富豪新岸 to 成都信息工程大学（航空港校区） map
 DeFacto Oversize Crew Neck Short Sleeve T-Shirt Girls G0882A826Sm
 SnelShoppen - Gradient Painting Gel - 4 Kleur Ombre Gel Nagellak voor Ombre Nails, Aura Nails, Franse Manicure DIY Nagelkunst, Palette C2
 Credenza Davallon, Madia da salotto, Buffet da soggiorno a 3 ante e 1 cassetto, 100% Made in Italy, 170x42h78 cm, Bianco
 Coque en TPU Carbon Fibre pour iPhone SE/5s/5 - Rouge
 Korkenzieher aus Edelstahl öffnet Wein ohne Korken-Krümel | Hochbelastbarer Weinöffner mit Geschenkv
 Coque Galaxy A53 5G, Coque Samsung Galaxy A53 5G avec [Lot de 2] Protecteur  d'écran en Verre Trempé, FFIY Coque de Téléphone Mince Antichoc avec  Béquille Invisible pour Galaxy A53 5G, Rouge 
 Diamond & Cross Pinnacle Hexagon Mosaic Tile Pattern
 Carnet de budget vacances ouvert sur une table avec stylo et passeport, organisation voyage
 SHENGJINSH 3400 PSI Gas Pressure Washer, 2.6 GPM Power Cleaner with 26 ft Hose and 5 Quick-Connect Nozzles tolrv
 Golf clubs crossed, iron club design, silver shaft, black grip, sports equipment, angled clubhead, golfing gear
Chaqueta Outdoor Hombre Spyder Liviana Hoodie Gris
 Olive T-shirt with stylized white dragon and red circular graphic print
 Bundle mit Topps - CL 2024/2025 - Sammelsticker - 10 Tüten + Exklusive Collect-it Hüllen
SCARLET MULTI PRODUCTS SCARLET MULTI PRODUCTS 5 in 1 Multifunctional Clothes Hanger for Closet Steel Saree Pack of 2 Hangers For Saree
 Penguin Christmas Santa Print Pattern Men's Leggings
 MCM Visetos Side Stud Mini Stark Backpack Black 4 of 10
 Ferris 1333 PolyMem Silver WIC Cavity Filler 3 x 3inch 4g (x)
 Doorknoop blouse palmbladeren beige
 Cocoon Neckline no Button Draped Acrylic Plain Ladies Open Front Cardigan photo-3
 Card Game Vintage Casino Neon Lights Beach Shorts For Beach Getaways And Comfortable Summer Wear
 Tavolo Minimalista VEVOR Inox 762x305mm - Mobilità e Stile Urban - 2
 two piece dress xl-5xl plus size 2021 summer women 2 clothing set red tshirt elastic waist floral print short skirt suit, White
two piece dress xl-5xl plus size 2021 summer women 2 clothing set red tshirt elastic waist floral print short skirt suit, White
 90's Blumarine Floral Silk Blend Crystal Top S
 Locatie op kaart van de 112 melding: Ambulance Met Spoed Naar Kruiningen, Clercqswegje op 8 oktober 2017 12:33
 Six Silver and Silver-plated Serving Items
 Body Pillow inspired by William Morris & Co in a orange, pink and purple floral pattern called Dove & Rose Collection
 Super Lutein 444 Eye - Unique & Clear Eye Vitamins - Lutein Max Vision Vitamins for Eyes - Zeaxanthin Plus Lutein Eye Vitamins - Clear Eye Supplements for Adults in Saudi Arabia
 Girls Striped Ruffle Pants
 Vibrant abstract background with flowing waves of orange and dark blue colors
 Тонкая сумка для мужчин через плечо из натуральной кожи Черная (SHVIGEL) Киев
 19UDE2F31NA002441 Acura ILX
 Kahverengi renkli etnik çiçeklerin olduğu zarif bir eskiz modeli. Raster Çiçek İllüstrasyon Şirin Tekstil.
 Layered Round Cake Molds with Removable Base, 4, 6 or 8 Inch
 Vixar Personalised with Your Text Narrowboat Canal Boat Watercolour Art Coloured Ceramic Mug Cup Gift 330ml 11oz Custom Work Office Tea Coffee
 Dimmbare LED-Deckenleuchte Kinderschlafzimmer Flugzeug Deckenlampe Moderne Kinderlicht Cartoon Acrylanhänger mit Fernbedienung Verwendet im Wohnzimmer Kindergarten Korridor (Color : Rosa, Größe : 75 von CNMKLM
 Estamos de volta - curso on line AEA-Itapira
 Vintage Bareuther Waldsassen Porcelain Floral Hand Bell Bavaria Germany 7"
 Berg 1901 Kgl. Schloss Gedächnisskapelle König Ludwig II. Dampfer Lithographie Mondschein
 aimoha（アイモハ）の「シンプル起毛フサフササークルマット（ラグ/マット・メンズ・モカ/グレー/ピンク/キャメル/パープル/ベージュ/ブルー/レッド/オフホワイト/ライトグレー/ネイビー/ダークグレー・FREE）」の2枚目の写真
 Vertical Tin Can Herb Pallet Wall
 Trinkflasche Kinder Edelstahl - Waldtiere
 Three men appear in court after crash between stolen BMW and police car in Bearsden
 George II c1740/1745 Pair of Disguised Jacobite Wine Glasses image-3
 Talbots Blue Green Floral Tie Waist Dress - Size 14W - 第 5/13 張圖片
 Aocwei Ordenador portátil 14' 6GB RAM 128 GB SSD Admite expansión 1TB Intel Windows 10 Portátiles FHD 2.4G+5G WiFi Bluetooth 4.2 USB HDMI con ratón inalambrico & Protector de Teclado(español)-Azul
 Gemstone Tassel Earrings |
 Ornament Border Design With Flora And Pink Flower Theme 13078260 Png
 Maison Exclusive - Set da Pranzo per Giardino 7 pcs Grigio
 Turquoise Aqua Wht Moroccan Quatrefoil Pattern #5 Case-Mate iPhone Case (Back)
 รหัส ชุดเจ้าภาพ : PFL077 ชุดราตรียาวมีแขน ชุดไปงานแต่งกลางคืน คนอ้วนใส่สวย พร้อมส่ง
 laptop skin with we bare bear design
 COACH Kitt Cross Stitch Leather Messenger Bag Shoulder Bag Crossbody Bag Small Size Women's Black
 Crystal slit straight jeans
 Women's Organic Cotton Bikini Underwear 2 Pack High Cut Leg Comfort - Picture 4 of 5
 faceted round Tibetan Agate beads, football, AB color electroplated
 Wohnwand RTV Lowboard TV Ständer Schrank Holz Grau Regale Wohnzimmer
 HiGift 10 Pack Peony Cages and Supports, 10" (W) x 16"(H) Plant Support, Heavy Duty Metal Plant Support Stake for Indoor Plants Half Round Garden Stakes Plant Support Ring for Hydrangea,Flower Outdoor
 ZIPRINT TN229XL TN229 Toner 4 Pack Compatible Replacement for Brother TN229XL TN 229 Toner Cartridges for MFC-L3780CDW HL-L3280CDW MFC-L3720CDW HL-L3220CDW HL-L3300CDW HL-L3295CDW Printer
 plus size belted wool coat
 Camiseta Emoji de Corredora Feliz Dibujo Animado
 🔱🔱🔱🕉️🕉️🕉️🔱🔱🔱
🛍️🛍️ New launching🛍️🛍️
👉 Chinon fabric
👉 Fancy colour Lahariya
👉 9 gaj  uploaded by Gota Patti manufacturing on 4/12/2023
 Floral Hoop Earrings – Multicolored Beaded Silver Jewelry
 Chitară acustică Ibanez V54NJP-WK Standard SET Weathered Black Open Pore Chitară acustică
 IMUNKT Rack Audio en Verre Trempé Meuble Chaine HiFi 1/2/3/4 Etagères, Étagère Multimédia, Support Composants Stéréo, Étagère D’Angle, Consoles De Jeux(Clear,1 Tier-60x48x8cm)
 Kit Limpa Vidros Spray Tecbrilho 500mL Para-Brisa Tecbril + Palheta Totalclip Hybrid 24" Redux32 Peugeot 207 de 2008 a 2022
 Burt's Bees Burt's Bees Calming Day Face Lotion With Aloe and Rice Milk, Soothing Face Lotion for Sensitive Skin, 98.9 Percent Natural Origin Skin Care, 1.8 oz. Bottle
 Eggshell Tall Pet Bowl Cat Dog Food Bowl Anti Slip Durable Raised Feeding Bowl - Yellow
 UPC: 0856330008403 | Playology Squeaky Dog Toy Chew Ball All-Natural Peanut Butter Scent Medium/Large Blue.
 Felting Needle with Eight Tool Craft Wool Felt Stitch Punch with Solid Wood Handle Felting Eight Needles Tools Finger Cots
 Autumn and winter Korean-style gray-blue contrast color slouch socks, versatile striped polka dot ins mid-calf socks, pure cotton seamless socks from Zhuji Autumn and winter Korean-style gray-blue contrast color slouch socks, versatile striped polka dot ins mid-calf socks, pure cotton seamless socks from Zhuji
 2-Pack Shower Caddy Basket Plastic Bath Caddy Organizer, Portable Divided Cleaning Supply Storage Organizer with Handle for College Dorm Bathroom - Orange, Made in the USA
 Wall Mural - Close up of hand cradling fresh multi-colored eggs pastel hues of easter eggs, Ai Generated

*Problem statement:* Scan the material above. Extract every line in which the word "Clear" occurs.

*Response to this exercise:*
 Super Lutein 444 Eye - Unique & Clear Eye Vitamins - Lutein Max Vision Vitamins for Eyes - Zeaxanthin Plus Lutein Eye Vitamins - Clear Eye Supplements for Adults in Saudi Arabia
 IMUNKT Rack Audio en Verre Trempé Meuble Chaine HiFi 1/2/3/4 Etagères, Étagère Multimédia, Support Composants Stéréo, Étagère D’Angle, Consoles De Jeux(Clear,1 Tier-60x48x8cm)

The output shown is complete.